Though this essay attempts to simplify the economic perspective, some methods are better and more appropriate for corporate income tax estimation purposes than others. At the least, Section 482 requires tax filers to be in a position to explain the rationale for method selection and to describe the market influences on price determination. Furthermore, that position comes with the abilities to articulate the best model and to define and present it in a clear, concise, and compelling manner. To do otherwise means elevating the likelihood of receiving unwanted and/or unfavorable adjustments to tax returns and experiencing unfortunate determinations by a district director. As part of the process, the guidelines encourage tax filers to conduct economic analyses, to provide accurate documentation, and to offer reliable comparisons.
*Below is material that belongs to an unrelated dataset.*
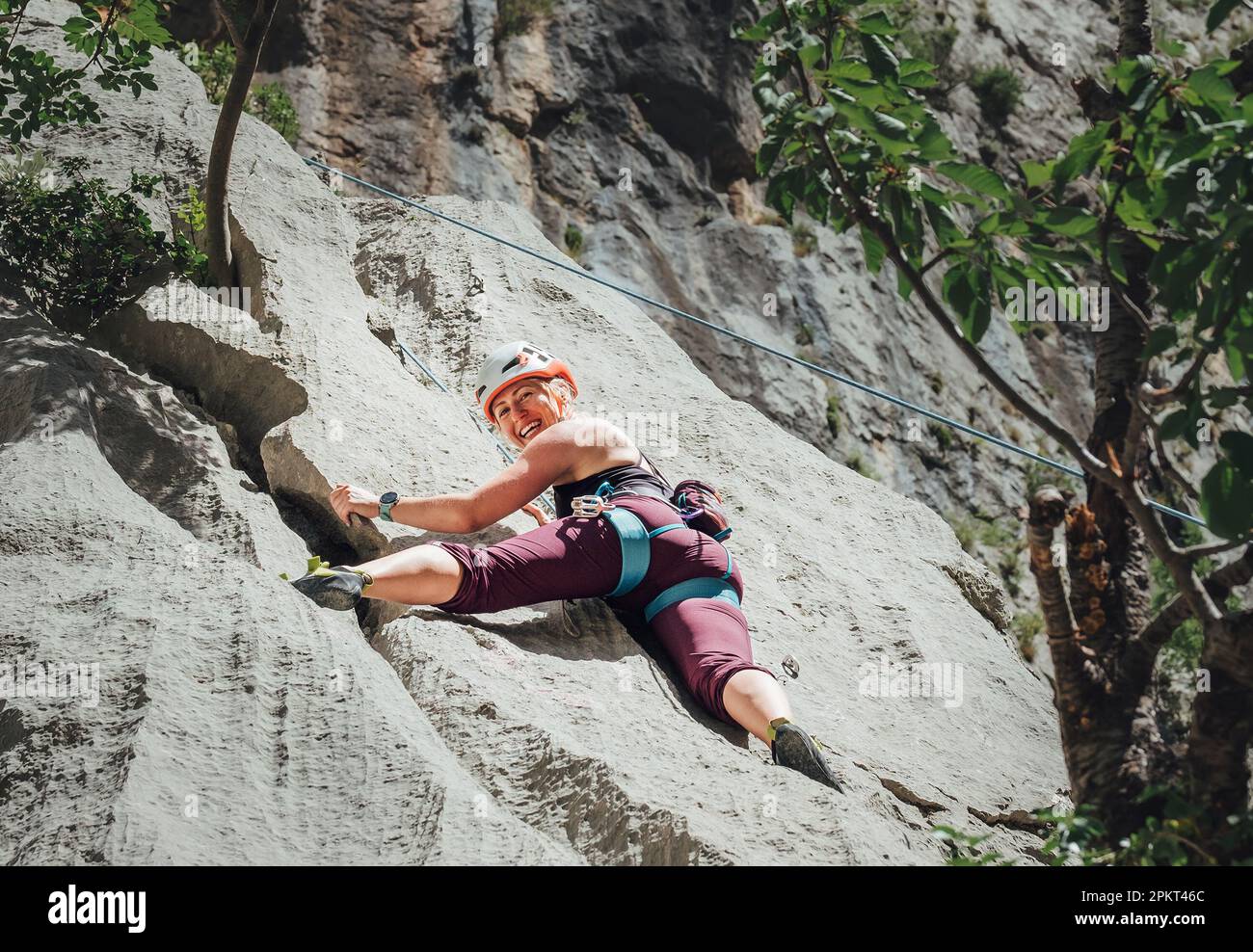 Lächelnde athletische Frau in Schutzhelm Klettern Klippe Felswand mit Top-Seil und Klettergurt in Paklenica Nationalpark-Website in Kroatien. A Stockfoto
Using whatever amount of time it takes, analysts need to demonstrate reliability in commercial practices, economic principles, or statistical analyses. The guidelines also make it clear that comparability flows from extensive evaluation processes. In essence, a requirement exists for an evaluation of all factors likely to affect prices or profits in arm's length transactions. Moreover, full compliance requires familiarity with an array of economic concepts.

Toward that end, readers of this essay will find brief descriptions of concepts that can help them demonstrate compliance and prepare documentation. From an economics perspective, market price determination involves interactions between demand and supply. More precisely, prices reflect changes in demand and/or supply. Table 1 lists the factors that influence demand and supply.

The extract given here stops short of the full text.